Revenir, c’est décevoir. Pas pour tout le monde. Après cinq ans d’absence comme chanteur – où ses au revoir à la Seine musicale avaient été réussis, bien qu’un peu conventionnels -, Michel Sardou a commencé à Rouen sa nouvelle tournée. «Je me souviens d’un adieu». Un début tonitruant. La voix, le choix des chansons, l’orchestration et la mise en scène… Tout a été exécuté (presque) à la perfection. De quoi rendre heureux les 5000 spectateurs présents au Zénith.
Revenir, c’est rassurer. Michel Sardou, 76 ans, allait-il être capable de tenir son public et sa voix pendant plus de 1h30 ? Après l’inaugural Connemara, objet d’une belle polémique estivale lancée par Juliette Armanet, les rares Marie-Jeanne et Casino ont été laborieuses comme si Sardou doutait de ses capacités. Ou plutôt se chauffait la voix. Le triptyque Une fille aux yeux clairs, Le privilège et Je vais t’aimer («une chanson qui ne va pas déstructurer Sandrine Rousseau», lance-t-il) a fini de convaincre que «The Voice» (surnom donné par Elton John, selon la légende) était bien le chanteur que l’on avait quitté en 2018. Voire un peu meilleur. La version jazzy d’Aujourd’hui peut-être, façon Louis Armstrong, est une pépite que l’on veut réécouter.
Revenir, c’est faire plaisir. Avec un choix de chansons extrêmement ambitieux (Parlons de toi, de moi, L’autre femme, Le Bac G, Je vole), il fallait tout de même contenter les fans qui veulent les classiques. Un medley géant composé de 11 tubes, réorchestrés et enchaînés de façon surprenante (un «mashup»), lançait une sorte de karaoké populaire : Salut, Chanteur de jazz, Je veux l’épouser pour un soir, la Java de Broadway, Afrique Adieu, Dix ans plus tôt, Je viens du sud, J’accuse, La vieille, Les vieux mariés et Le France. Cent millions de disques (vendus) vous contemplent. Le tout sans fausse note et sans blabla excessif : Sardou, tout de noir vêtu, a peu parlé et beaucoup chanté.

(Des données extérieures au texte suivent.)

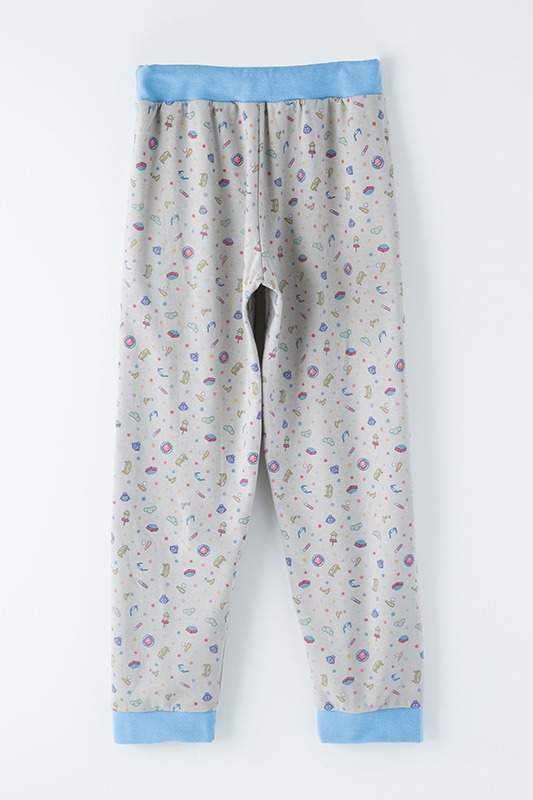 「おそ松さん」コラボパジャマのカラ松モデル。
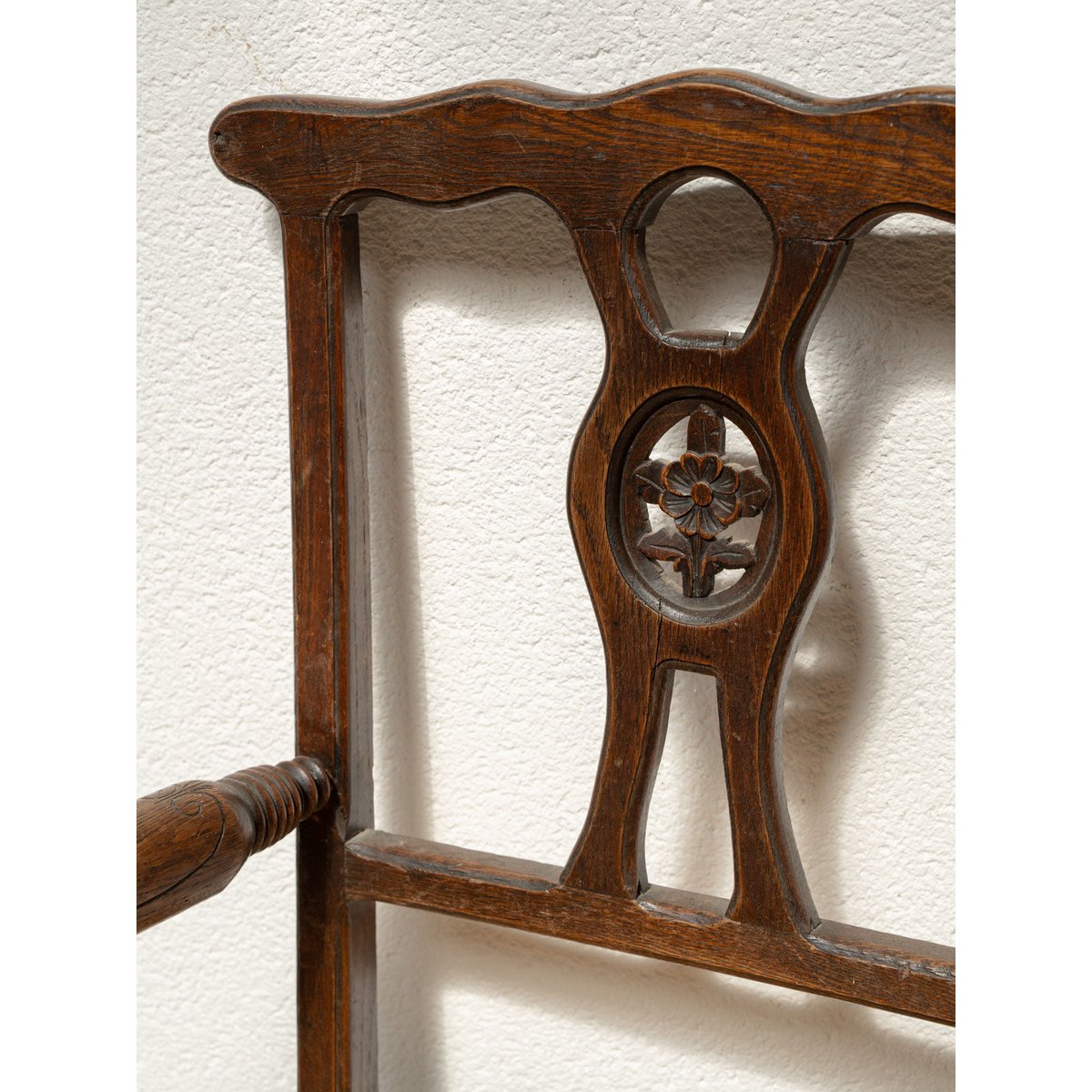 Grand fauteuil en bois gravé et en paille Ernest N°1084 - Bon état bois foncé, DEBONGOUT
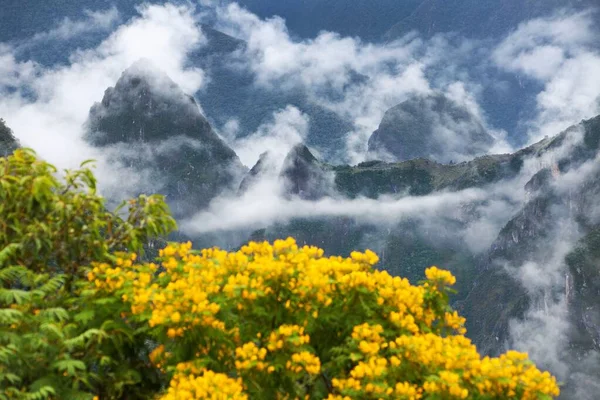 在秘鲁库斯科附近的Salkantay旅行开始时看到的Machu Picchu Inca镇 — 图库照片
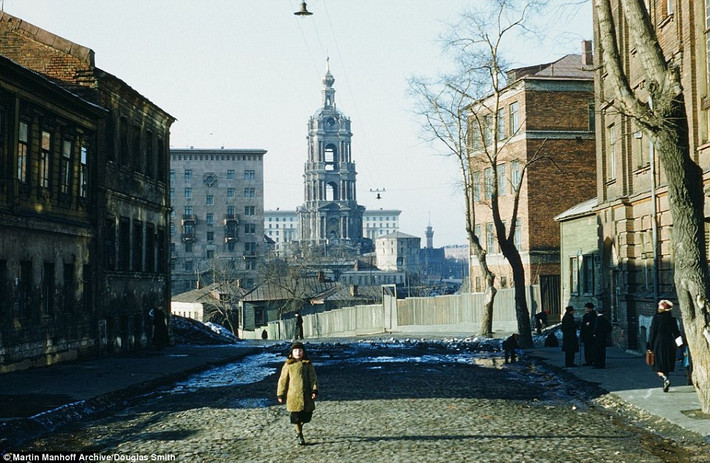 Tướng Martin Manhoff đã làm việc ở Đại sứ quán Mỹ tại Moscow từ tháng 2/1952 - 6/1954. Trong hơn 2 năm, Tướng Manhoff đã chụp nhiều hình ảnh về Liên Xô tuyệt đẹp. Trong ảnh là một đứa trẻ đi bộ trên một con đường ở Moscow.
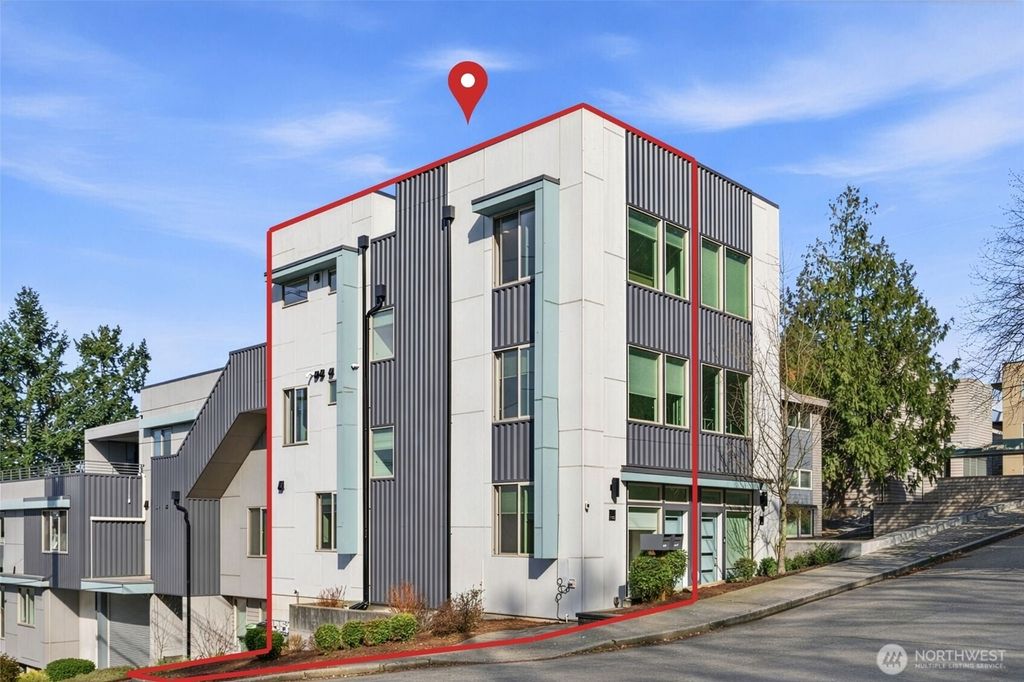 Photo of 2001 13th Avenue W, Seattle, WA 98119 (MLS # 2496602)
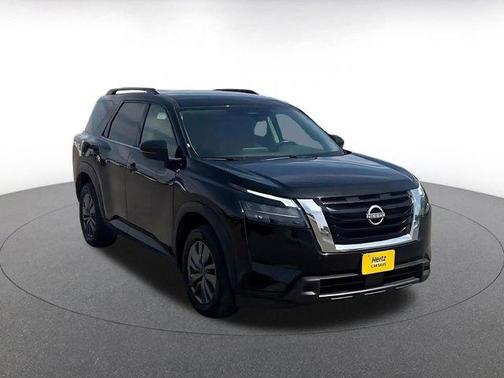 Super Black 2025 Nissan Pathfinder SV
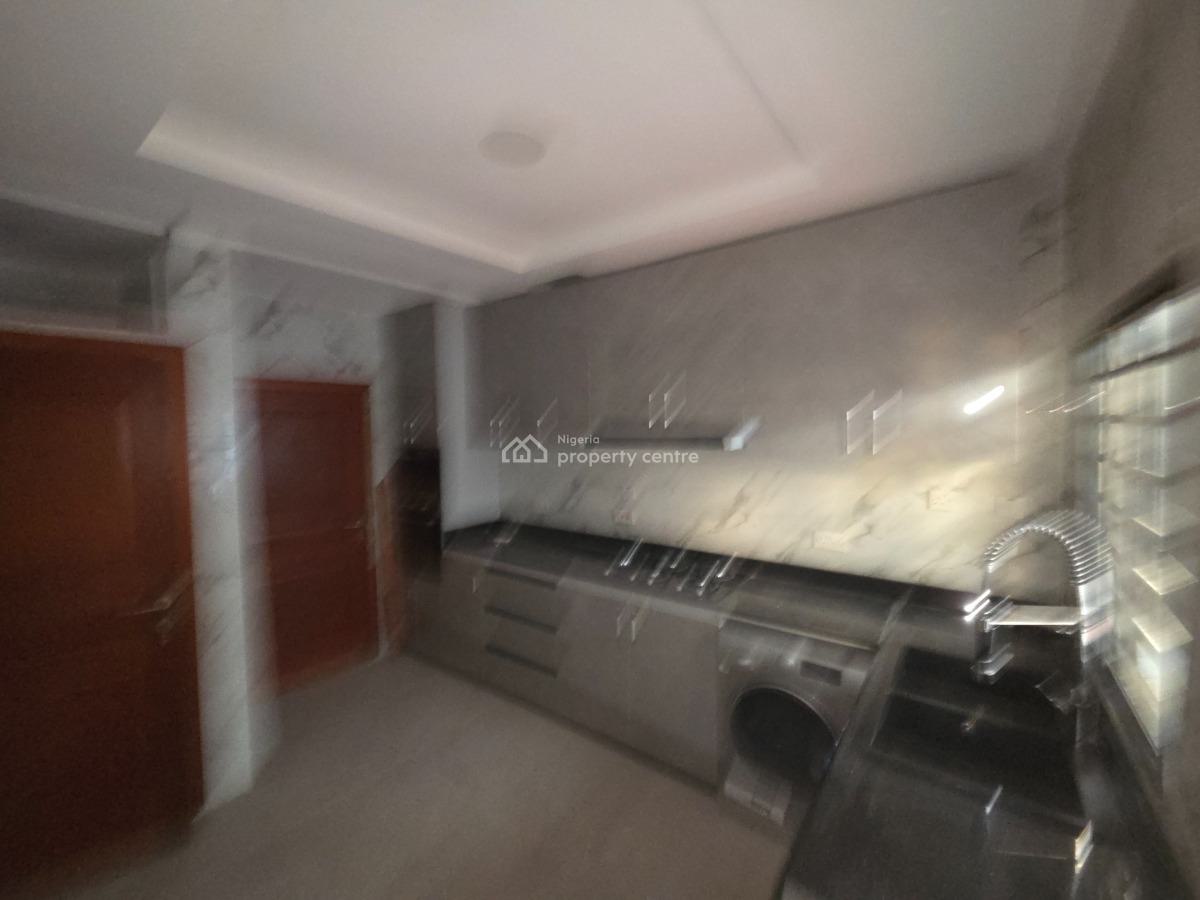 a Self Serviced  3 Bedroom  Maisonette Situated in an Estate, Old Ikoyi, Ikoyi, Lagos, Flat / Apartment for Rent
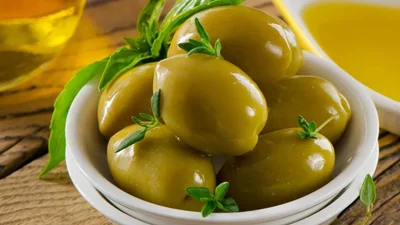 Закуска по-середземноморськи: як приготувати гострі оливки з фетою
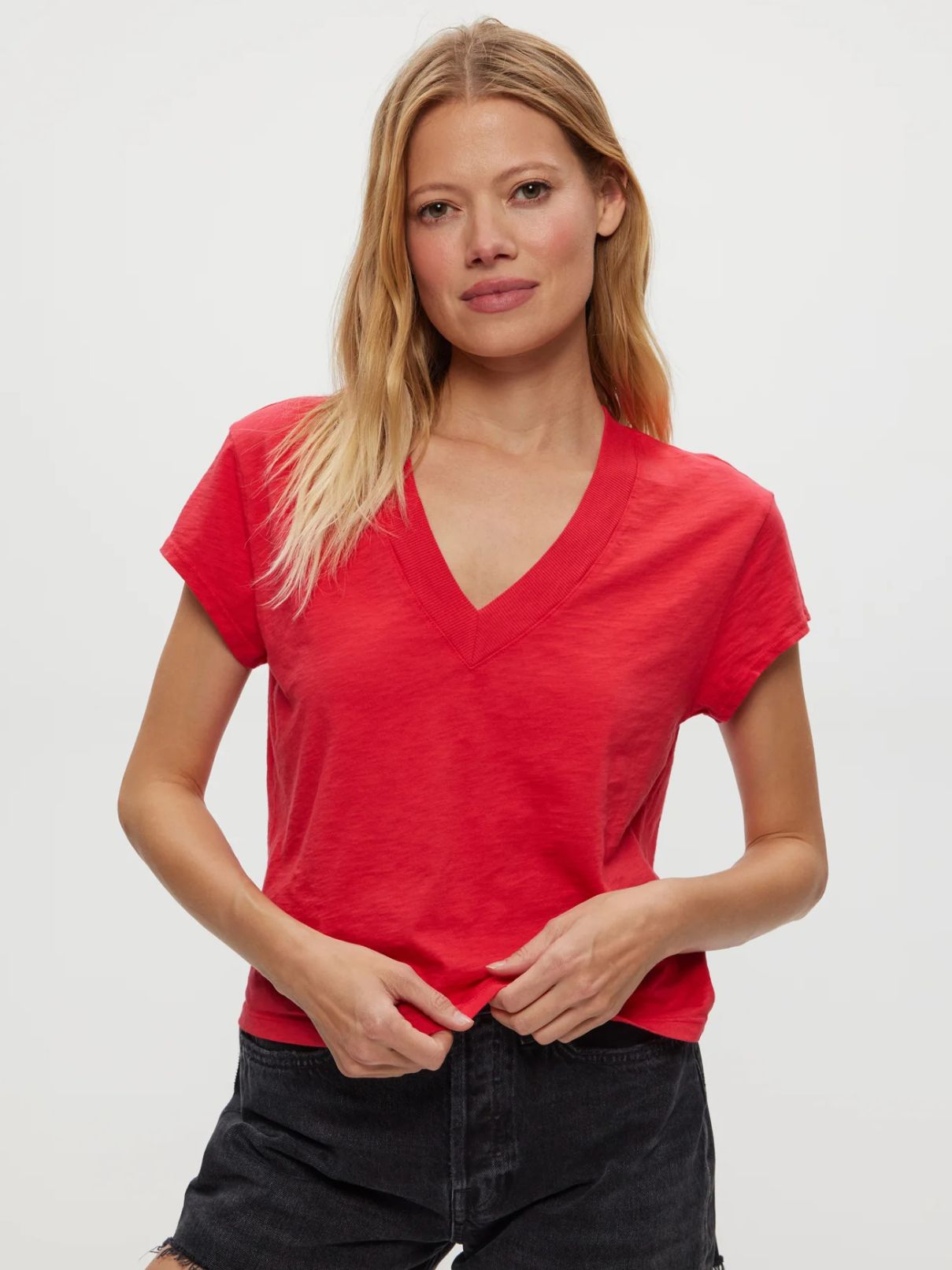 Michael Stars Harlan Cropped V-Nk Front Tee in Rumba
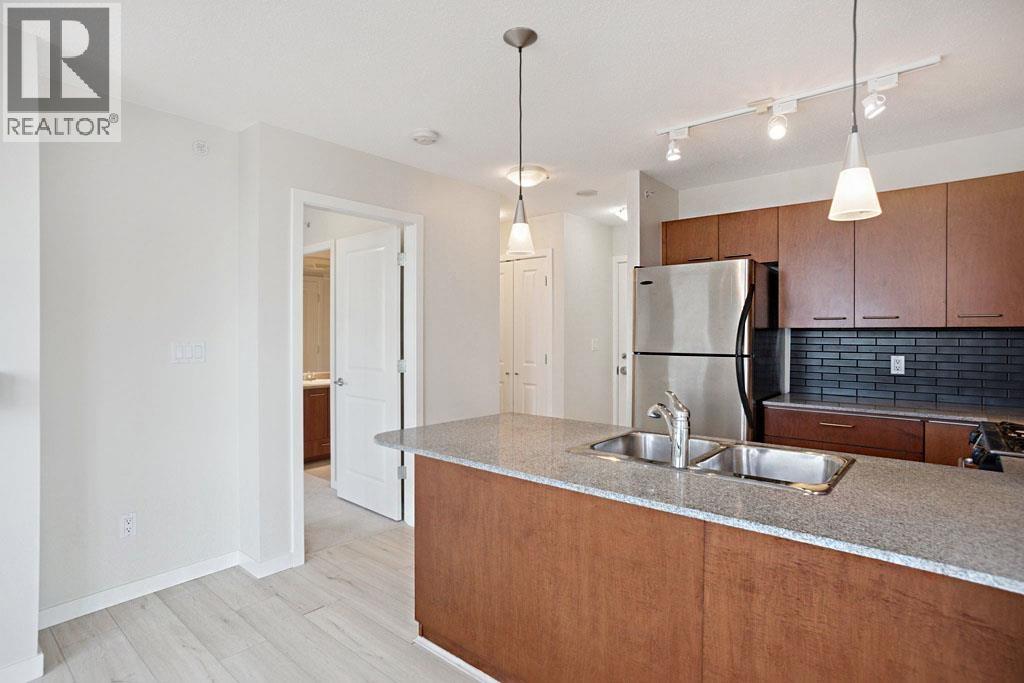 1905 4333 CENTRAL BOULEVARD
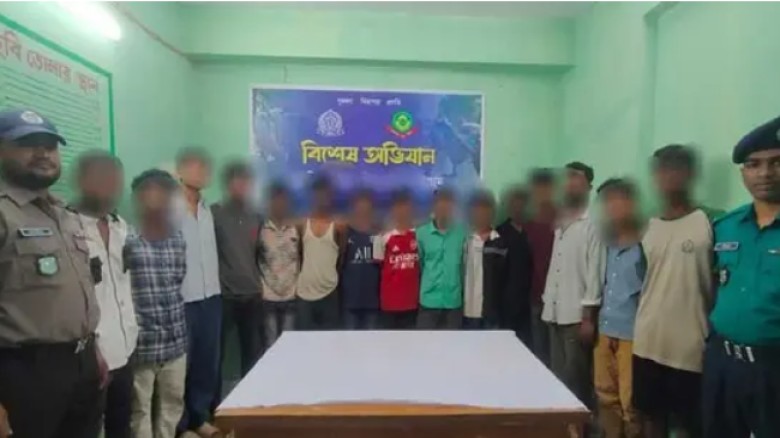 চট্টগ্রামে আধিপত্য বিস্তার নিয়ে সংঘর্ষ, গ্রেফতার ১৫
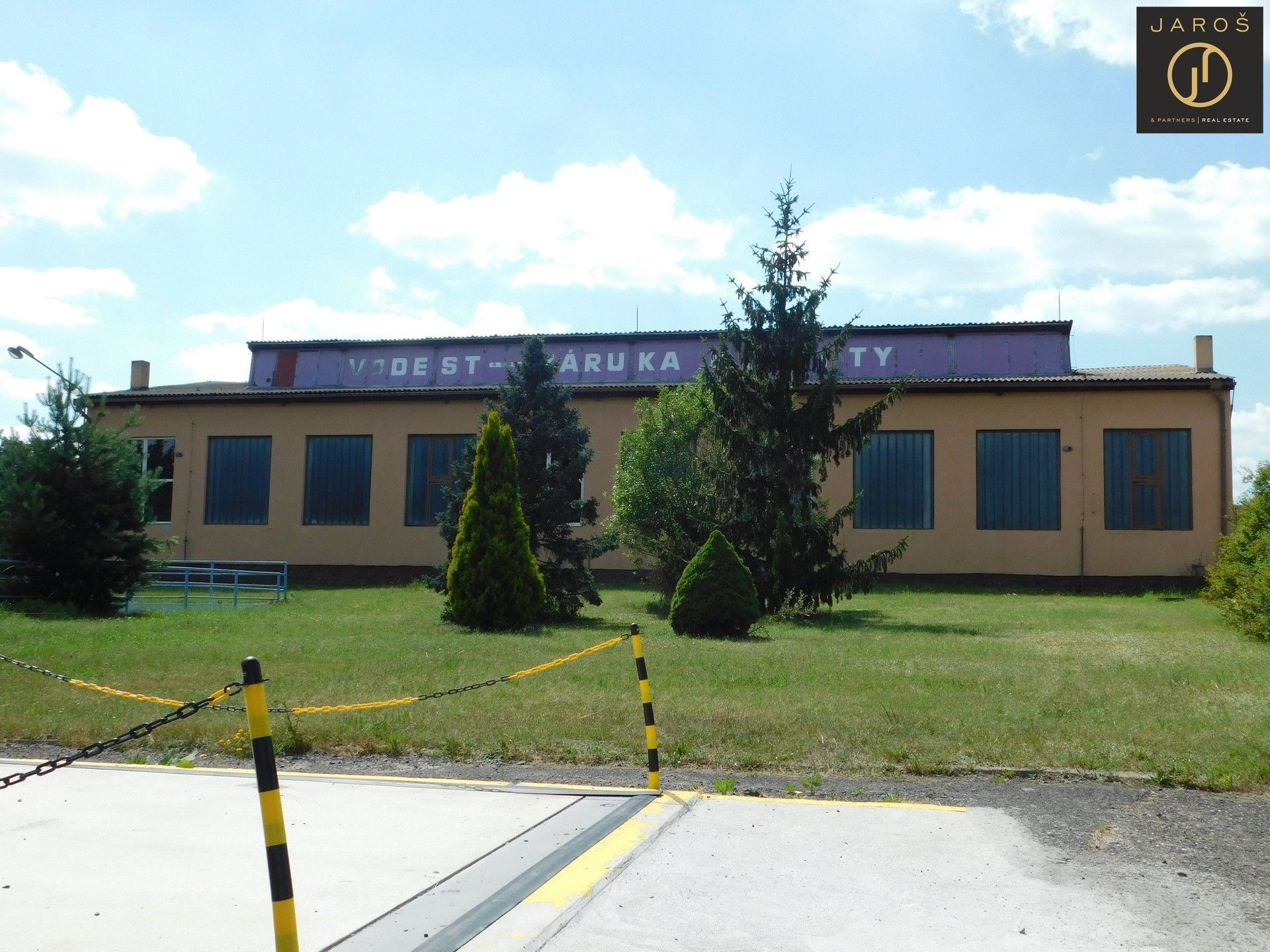 Pronájem komerčního prostoru 895 m² - foto 1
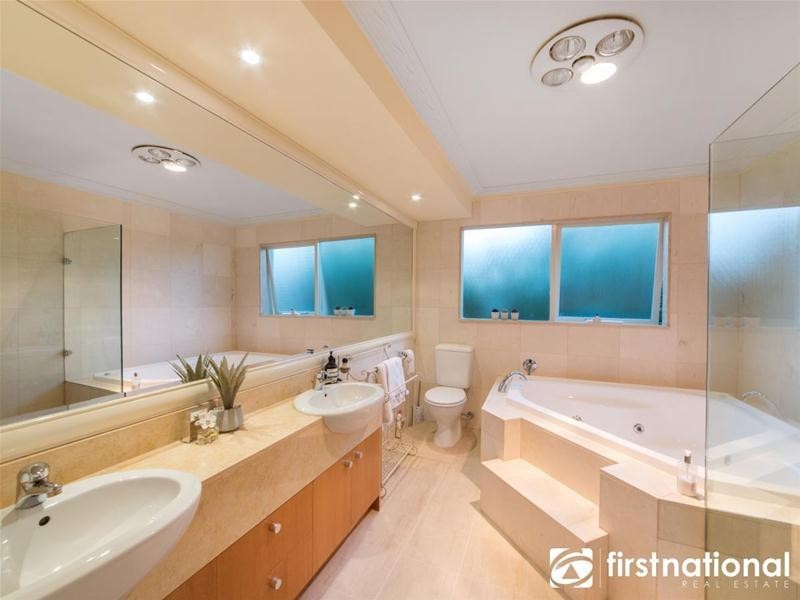 27-29 Quarry Hills Drive, Berwick VIC 3806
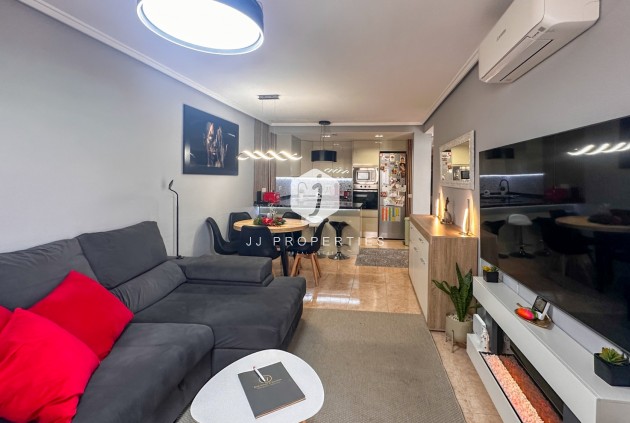 Tweedehands - Appartement / flat -
Torrevieja - Costa Blanca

Et rendu un tendre hommage à son «ami» Johnny, qu’une mauvaise blague sur sa fille avait fâché, en interprétant Quelque chose de Tennessee.
Revenir, c’est provoquer. Malgré son âge, Michel Sardou ne peut s’empêcher de lancer quelques piques. Il fait fredonner à ses choristes quelques vers du Temps des colonies, interprète Vladimir Illitch le poing levé comme à la grande époque et ose reprendre son rôle de «passant» qui a «envie de violer des femmes» dans Les villes de solitude. En 2023, il fallait oser. Mais Sardou ose tout et c’est à ça qu’on le reconnaît.
Revenir, c’est innover. Un grand voile blanc recouvre à trois reprises la scène. Accompagnées du jeu de lumière de Jacques Rouveyrollis, des images sont projetées. Un film 3D avec un violoniste rock celtique (Emma Sempere), un sonneur de cornemuse (Anthony Masselin) et un cheval (l’animal préféré de celui qui se définit comme un ours) pour Les lacs du Connemara. Une statue immense de Lénine qui s’effrite au fur et à mesure de la chanson pour Vladimir Illitch. Un tableau romantico-guerrier sur la trop méconnue Verdun, pour ne pas oublier les morts pour la patrie. La patrie française et américaine avec les fameux Ricains, qui avaient offert en 1967 la première polémique au chanteur.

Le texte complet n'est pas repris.